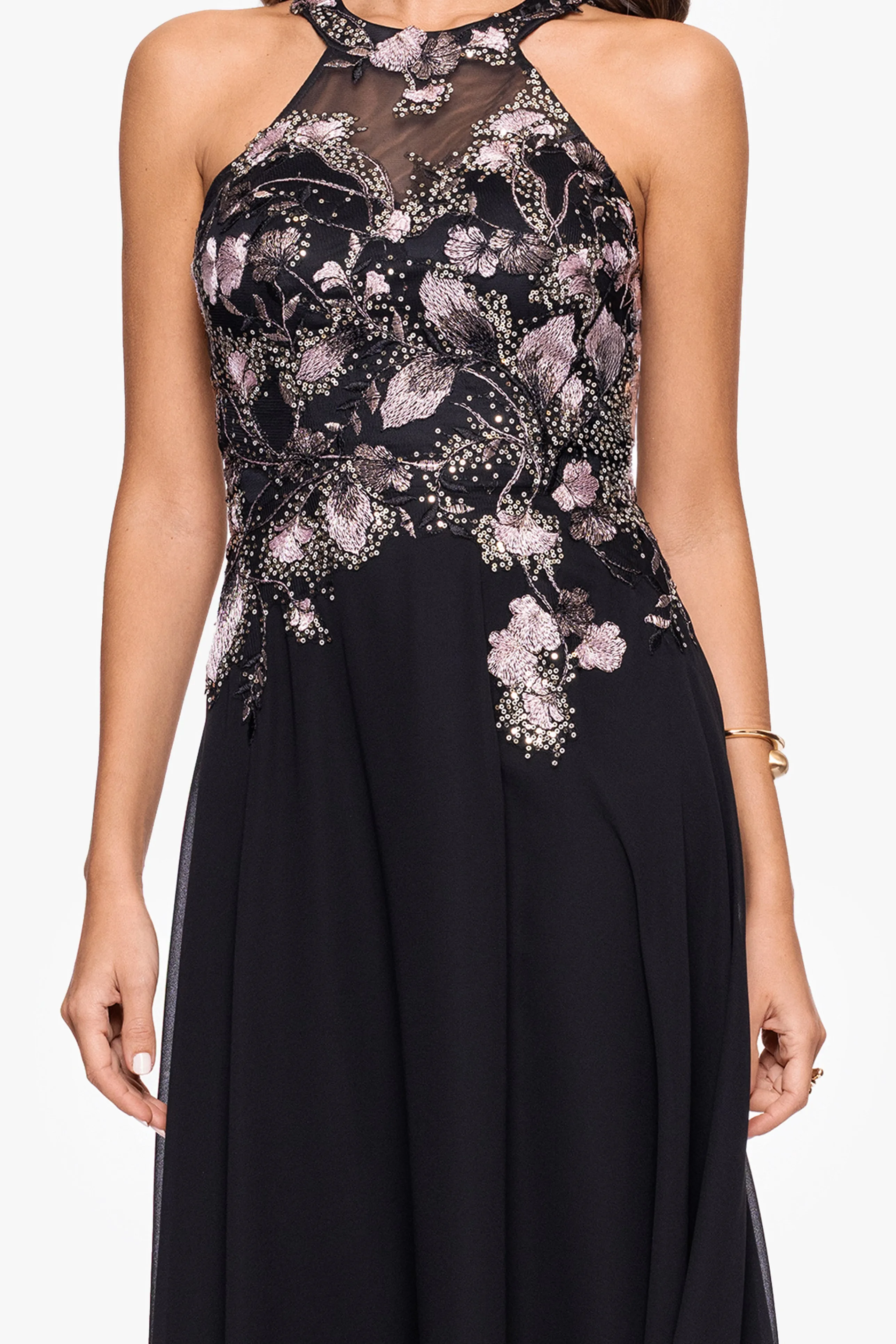 "Maryse" Chiffon Embroidered Bodice Floor Length Dress sold by Betsy & Adam product image thumbnail 2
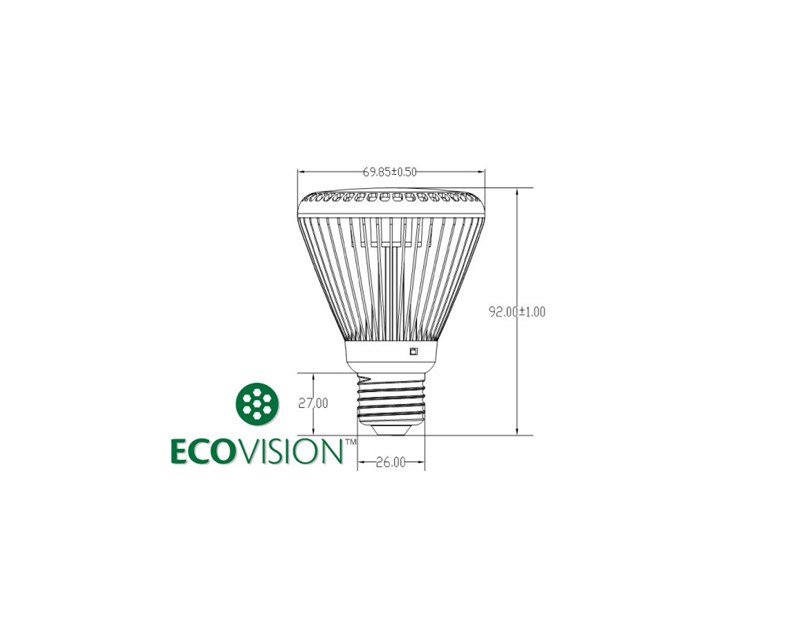 EcoVision LED žarulja E27, 8W, 485lm, 4000K, PAR22
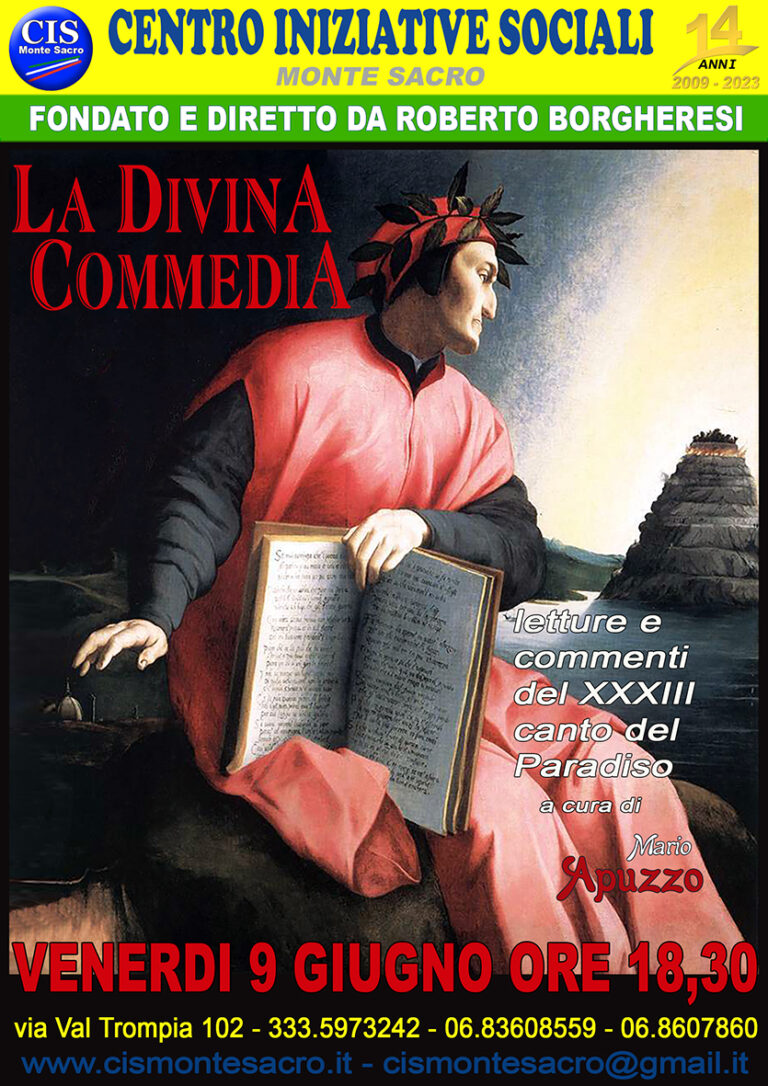  Venerdì 9 giugno al CIS: il XXXIII Canto del Paradiso della Divina Commedia di Dante Alighieri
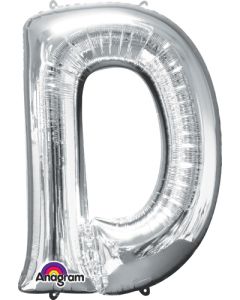 LRG SHP LETTER D SILVER ANAGRAM 33" (PKG)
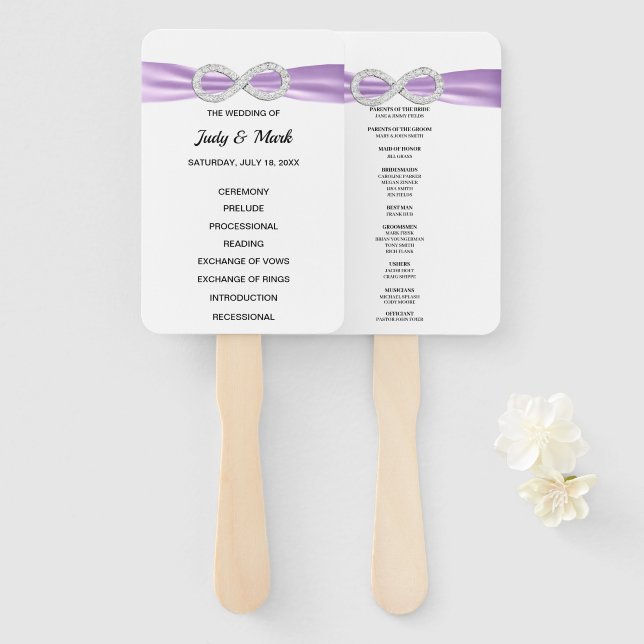 Lila Diamond Infinity Wedding Program Fans Fächer (Vorne und Hinten)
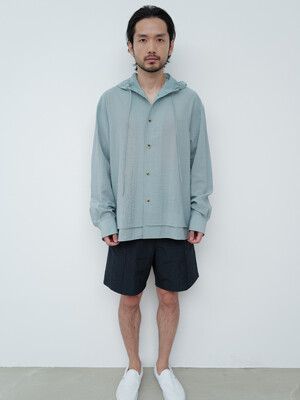 DOUBLE LAYERED HOODED SHIRT [MINT]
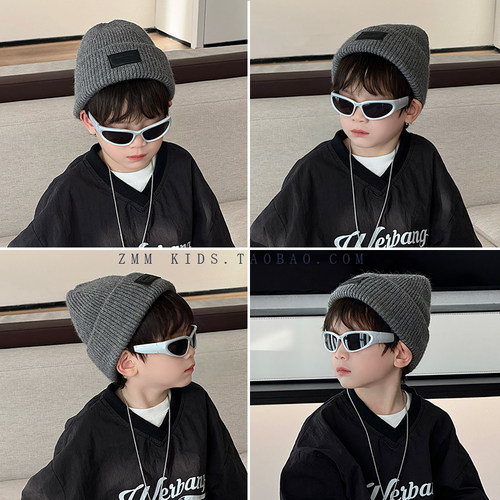 儿童毛线冷帽子针织大男孩宝小痞帅气炸街冬季潮酷超好看2025新款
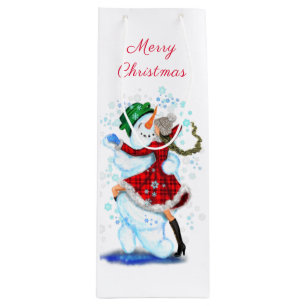 Christmas Snowman and Girl Dancing Wine Gift Bag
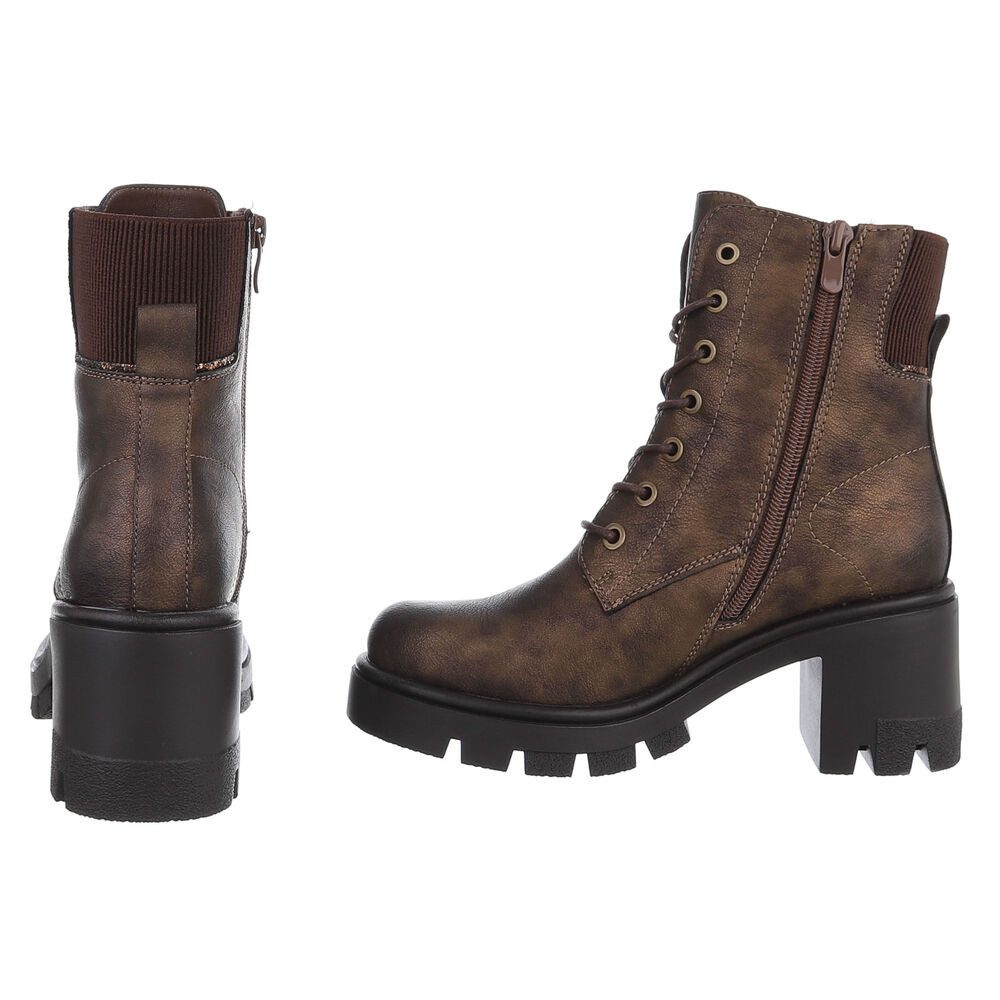 Ital-Design Moderne Schnürstiefel mit Absatz für Damen im Alltag Schnürstiefelette (90726883) Blockabsatz Stiefeletten in Camel – Bild 5 von 5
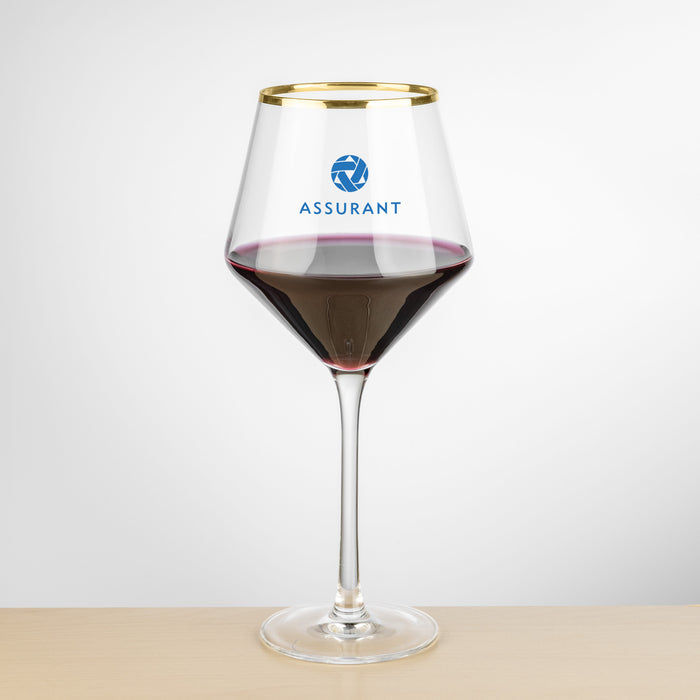 Custom Logo Tucson Gold Rim Burgundy Wine - Imprinted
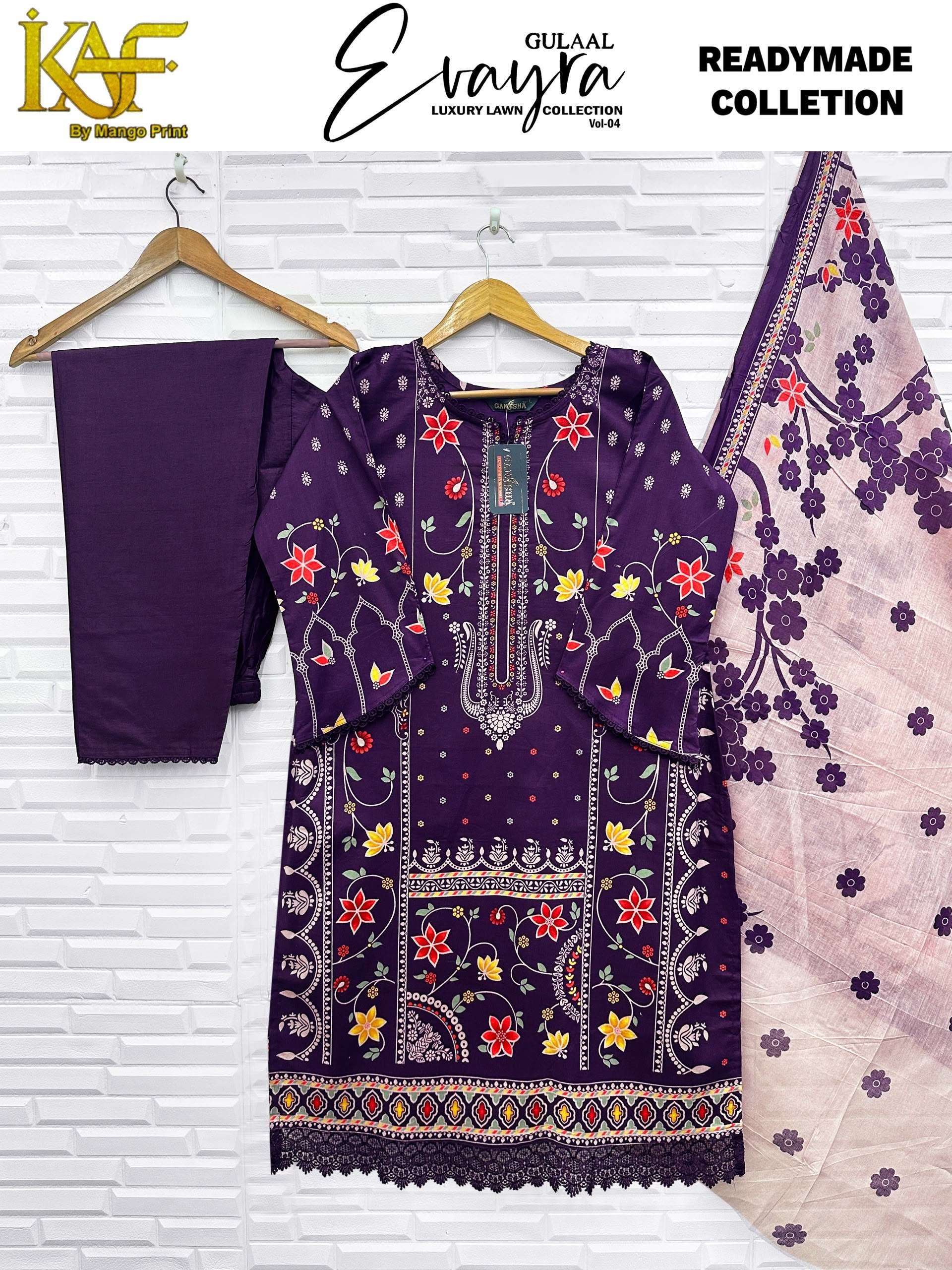 KAF FABRIC EVAYRA GULAAL LUXURY LAWN READY MADE COLLECTION VOL 4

━━━

> About this exercise
Both the first line of the records above and the line containing "Lila Diamond Infinity" belong in the copy; please return them and every line between, exactly, minus the pictures.

> Result of this exercise
 "Maryse" Chiffon Embroidered Bodice Floor Length Dress sold by Betsy & Adam product image thumbnail 2
 EcoVision LED žarulja E27, 8W, 485lm, 4000K, PAR22
  Venerdì 9 giugno al CIS: il XXXIII Canto del Paradiso della Divina Commedia di Dante Alighieri
 LRG SHP LETTER D SILVER ANAGRAM 33" (PKG)
 Lila Diamond Infinity Wedding Program Fans Fächer (Vorne und Hinten)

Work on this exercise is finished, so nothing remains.